I'm sorry you feel that way
When looking at apologies, it is often pointed out that a good apology has everything to do with owning up to mistakes and taking responsibility, with making clear you understand what happened. I think that’s true, and I may have something more detailed to add in the future. For many people, “I’m sorry for the offense caused” or similar turns of phrase do not meet that expectation, because they don’t focus on the initial actions, and imply that the fault is shared by the offended party.
However, that doesn’t mean they are never applicable. The (somewhat infuriating, but still very good) book “The Courage To Be Disliked” by Ichiro Kishimi and Fumitake Koga works heavily with the concept of “separation of tasks”, arguing that the basis for a healthy life is knowing what’s in your area of responsibility and what isn’t:
First, one should ask ‘whose task is this?’ Then do the separation of tasks. Calmly delineate up to what point one’s own tasks go, and from what point they become another person’s tasks. And do not intervene in other people’s tasks, or allow even a single person to intervene in one’s own tasks.
This concept is closely related to Stoicism and a bunch of other philosophical schools that seem good at granting a foundation of inner calm, and it has a lot going for it. People arguing in favour of these directions often tend to underestimate how and where these spheres of responsibility overlap, in my opinion, and the infuriating part of “The Courage To Be Disliked” is that this point is brought up, but argued so terribly that it is dismissed.¹
Regardless of the shortcomings, the concept of the separation of individual tasks is still very useful when looking at apologies. If I have acted in a way that I come to understand as wrong and harmful afterwards, I believe making amends is my responsibility. This can take a variety of forms, and an apology will often be part of it. And this apology should at the very least make clear what I understand as “wrong” and “harm” in this situation.

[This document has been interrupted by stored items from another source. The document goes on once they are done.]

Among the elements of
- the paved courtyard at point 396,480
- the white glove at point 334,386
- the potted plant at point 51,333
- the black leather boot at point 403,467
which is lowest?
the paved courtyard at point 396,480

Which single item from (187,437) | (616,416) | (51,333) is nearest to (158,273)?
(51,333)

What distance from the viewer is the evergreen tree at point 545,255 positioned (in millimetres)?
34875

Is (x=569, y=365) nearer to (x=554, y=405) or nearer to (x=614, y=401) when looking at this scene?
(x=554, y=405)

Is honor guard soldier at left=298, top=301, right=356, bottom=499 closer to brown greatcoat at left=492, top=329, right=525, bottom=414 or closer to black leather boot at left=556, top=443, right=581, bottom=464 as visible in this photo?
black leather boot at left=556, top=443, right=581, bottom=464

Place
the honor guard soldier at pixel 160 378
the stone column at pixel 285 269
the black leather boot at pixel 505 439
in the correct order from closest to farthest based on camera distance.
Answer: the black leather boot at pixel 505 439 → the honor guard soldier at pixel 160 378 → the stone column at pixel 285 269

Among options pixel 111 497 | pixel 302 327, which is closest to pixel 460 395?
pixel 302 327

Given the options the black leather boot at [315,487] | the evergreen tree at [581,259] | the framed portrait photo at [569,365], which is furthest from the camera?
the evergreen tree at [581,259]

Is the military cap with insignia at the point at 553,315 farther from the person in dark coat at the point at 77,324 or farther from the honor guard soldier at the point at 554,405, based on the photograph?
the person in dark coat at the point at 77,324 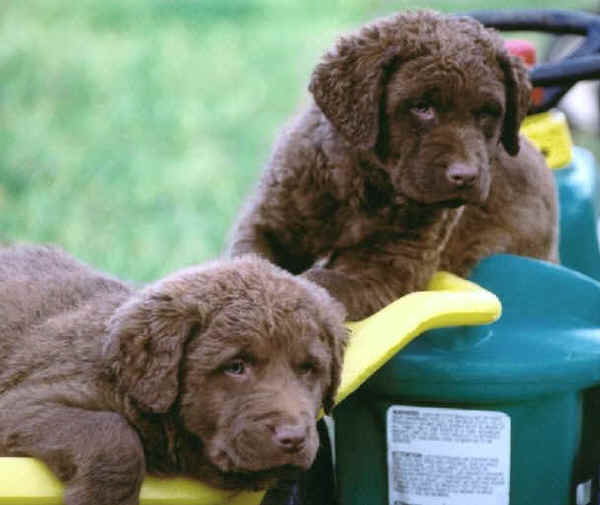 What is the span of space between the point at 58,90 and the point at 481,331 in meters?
5.84

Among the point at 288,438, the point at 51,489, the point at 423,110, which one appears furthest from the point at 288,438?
the point at 423,110

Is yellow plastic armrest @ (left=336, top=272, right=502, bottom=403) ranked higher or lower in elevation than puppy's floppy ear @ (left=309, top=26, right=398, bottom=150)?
lower

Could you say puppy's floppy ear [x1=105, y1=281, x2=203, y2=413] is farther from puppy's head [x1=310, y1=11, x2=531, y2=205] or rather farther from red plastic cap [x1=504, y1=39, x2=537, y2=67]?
red plastic cap [x1=504, y1=39, x2=537, y2=67]

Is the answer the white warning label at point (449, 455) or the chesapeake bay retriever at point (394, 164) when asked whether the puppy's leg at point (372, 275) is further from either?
the white warning label at point (449, 455)

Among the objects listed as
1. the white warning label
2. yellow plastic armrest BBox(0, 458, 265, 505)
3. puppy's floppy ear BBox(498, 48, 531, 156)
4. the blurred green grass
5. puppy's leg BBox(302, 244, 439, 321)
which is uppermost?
puppy's floppy ear BBox(498, 48, 531, 156)

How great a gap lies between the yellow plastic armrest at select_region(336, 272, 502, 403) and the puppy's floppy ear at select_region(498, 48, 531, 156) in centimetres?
61

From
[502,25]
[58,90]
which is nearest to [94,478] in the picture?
[502,25]

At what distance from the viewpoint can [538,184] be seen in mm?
3566

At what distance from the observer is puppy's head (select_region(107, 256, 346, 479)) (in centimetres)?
239

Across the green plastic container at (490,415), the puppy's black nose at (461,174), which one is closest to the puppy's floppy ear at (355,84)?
the puppy's black nose at (461,174)

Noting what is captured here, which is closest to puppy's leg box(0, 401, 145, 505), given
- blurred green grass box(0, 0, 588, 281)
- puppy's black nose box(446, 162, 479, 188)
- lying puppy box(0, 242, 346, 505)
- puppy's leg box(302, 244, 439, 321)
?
lying puppy box(0, 242, 346, 505)

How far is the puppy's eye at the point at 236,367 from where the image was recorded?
247 centimetres

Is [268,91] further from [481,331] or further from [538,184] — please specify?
[481,331]

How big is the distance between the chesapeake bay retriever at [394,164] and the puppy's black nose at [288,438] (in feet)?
2.52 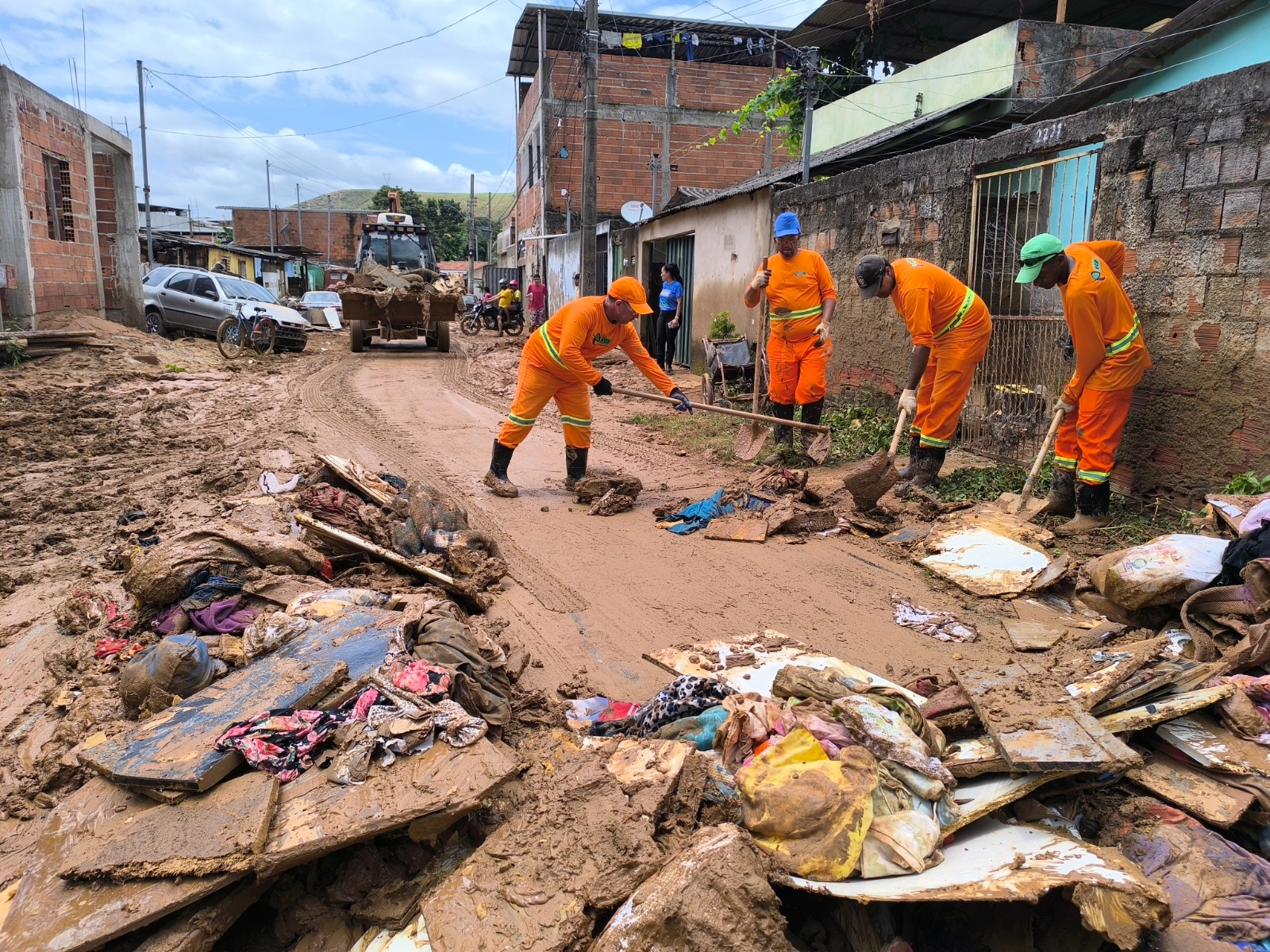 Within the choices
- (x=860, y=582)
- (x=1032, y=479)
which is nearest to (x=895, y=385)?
(x=1032, y=479)

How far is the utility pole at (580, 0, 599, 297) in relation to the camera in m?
13.9

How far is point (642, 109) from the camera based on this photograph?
23.7 metres

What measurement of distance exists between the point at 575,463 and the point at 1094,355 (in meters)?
3.63

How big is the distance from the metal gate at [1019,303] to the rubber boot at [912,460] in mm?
845

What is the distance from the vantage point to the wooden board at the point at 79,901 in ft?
6.25

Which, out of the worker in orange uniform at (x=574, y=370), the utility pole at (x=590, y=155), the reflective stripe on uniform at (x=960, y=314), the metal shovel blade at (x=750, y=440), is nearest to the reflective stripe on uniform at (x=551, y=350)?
the worker in orange uniform at (x=574, y=370)

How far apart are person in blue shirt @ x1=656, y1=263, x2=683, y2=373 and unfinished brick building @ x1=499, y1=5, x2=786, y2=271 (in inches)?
420

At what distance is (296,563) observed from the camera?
159 inches

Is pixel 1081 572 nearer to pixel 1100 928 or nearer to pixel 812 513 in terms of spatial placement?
pixel 812 513

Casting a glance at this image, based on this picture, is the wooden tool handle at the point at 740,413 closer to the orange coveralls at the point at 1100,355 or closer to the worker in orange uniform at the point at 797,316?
the worker in orange uniform at the point at 797,316

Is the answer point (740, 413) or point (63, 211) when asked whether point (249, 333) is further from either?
point (740, 413)

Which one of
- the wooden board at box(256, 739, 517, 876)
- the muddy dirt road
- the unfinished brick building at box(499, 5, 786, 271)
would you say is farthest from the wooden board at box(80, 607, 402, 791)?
the unfinished brick building at box(499, 5, 786, 271)

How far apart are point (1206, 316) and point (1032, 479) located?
1.28m

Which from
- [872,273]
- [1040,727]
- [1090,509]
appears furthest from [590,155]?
[1040,727] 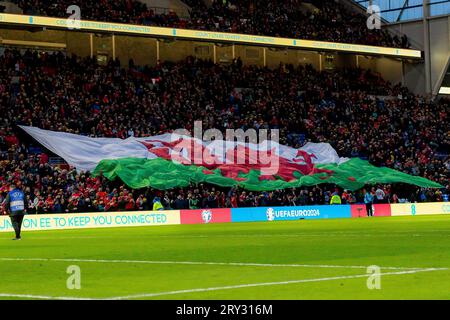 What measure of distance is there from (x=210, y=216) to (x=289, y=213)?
5793 mm

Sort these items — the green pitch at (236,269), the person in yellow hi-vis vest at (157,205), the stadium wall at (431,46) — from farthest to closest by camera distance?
1. the stadium wall at (431,46)
2. the person in yellow hi-vis vest at (157,205)
3. the green pitch at (236,269)

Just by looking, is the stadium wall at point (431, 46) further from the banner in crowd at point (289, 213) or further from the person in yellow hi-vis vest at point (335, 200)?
the banner in crowd at point (289, 213)

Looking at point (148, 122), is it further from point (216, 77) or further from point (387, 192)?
point (387, 192)

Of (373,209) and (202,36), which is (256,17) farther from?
(373,209)

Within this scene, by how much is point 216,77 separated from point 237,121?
790cm

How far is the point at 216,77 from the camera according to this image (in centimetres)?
6712

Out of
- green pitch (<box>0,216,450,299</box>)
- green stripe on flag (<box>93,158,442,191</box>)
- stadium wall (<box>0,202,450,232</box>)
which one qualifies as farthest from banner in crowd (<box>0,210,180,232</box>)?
green pitch (<box>0,216,450,299</box>)

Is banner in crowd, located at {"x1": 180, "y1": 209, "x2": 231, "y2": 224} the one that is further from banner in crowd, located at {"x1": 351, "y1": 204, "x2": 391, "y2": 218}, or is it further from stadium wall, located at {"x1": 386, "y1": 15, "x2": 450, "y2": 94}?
stadium wall, located at {"x1": 386, "y1": 15, "x2": 450, "y2": 94}

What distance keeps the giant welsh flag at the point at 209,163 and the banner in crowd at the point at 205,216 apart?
239cm

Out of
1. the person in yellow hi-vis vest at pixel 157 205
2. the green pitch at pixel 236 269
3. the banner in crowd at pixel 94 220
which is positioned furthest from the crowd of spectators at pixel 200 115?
the green pitch at pixel 236 269

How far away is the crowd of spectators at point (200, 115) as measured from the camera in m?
46.4

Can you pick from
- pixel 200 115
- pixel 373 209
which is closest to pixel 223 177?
pixel 200 115

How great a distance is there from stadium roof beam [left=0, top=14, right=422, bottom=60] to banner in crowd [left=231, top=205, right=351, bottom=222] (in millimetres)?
18874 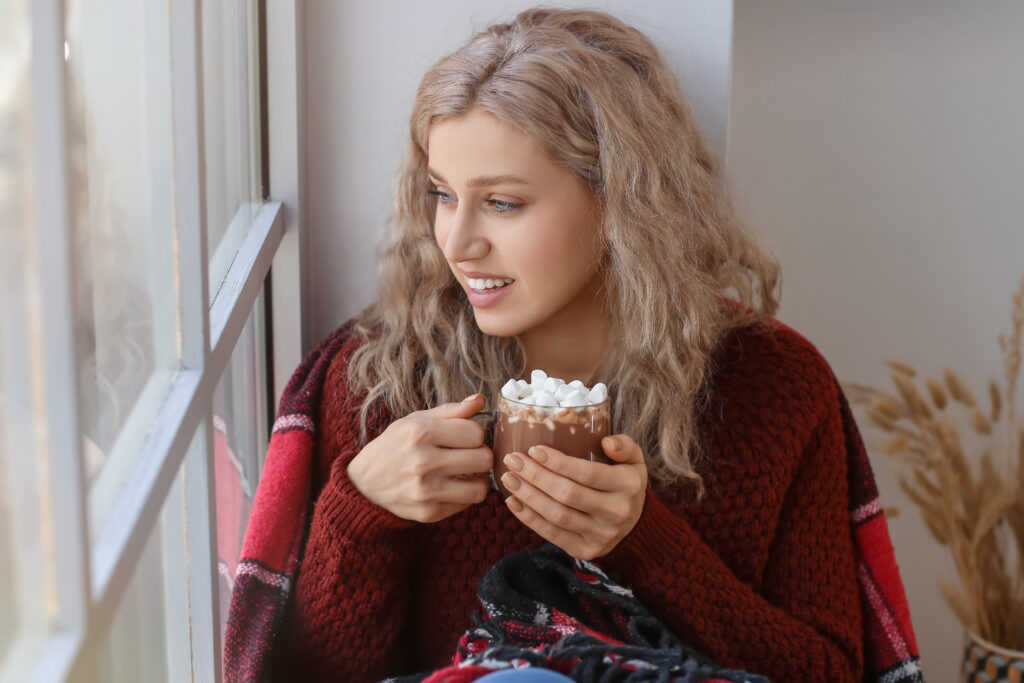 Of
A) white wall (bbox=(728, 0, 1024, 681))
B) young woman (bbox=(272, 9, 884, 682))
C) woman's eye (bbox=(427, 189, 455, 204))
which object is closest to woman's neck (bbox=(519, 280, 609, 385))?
young woman (bbox=(272, 9, 884, 682))

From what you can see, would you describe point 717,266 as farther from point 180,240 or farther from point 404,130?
point 180,240

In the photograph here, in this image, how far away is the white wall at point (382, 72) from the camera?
160cm

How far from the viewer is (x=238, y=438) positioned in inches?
58.5

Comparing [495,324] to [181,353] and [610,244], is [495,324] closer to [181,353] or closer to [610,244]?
[610,244]

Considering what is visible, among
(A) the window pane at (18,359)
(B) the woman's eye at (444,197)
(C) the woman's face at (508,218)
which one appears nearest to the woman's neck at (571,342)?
(C) the woman's face at (508,218)

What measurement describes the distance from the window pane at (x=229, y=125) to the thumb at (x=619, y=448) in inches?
19.7

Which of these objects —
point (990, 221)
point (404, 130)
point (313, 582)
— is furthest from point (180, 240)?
point (990, 221)

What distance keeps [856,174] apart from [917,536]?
845 millimetres

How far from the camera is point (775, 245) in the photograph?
2.12 metres

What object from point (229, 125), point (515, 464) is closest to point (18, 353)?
point (515, 464)

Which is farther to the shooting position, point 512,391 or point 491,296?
point 491,296

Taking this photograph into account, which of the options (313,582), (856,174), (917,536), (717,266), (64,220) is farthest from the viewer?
(917,536)

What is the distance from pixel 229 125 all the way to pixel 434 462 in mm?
560

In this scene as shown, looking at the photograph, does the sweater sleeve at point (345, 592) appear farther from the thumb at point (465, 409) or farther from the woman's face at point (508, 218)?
the woman's face at point (508, 218)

But the problem with “I’m sorry for the offense caused” is not that it is not an apology, it’s that it’s an apology that demonstrates that the underlying conflict is not resolved. If you expand it charitably, it says “I still think my actions were fundamentally justified, I just wish I could have taken them without coming into conflict with you.”²
This is not an apology that retracts an action wholeheartedly – it’s an apology for only an aspect of what happened. And I think that apologising for only some aspects is a good thing to normalise. If I force the polarisation of either going back on everything I did or not at all, the chances are higher that I’ll decide to be stubborn and defend the good aspects of my actions by refusing to apologise at all, escalating conflict without an acceptable escape.
Of course, “I’m sorry you feel offended” is the weakest of partial apologies, and is often used to weasel out of exploring the remaining conflict by pretending that it is a full apology, which sucks. But I think one mechanism at play is that there is no good model for partial/aspectual apologies, and apologies like that are much less likely to be accepted, and much more likely to be torn apart.
Intervening in other people’s tasks and taking on other people’s tasks turns one’s life into something heavy and full of hardship. If you are leading a life of worry and suffering—which stems from interpersonal relationships—first, learn the boundary of ‘from here on, that is not my task’. And discard other people’s tasks. That is the first step toward lightening the load and making life simpler.
¹ I’d love to see a reenactment of the dialogues in the book, only with competent participants.
² The problem with the slightly different “I’m sorry you feel offended” is that it makes the other party the active one, implying and attributing at least shared blame.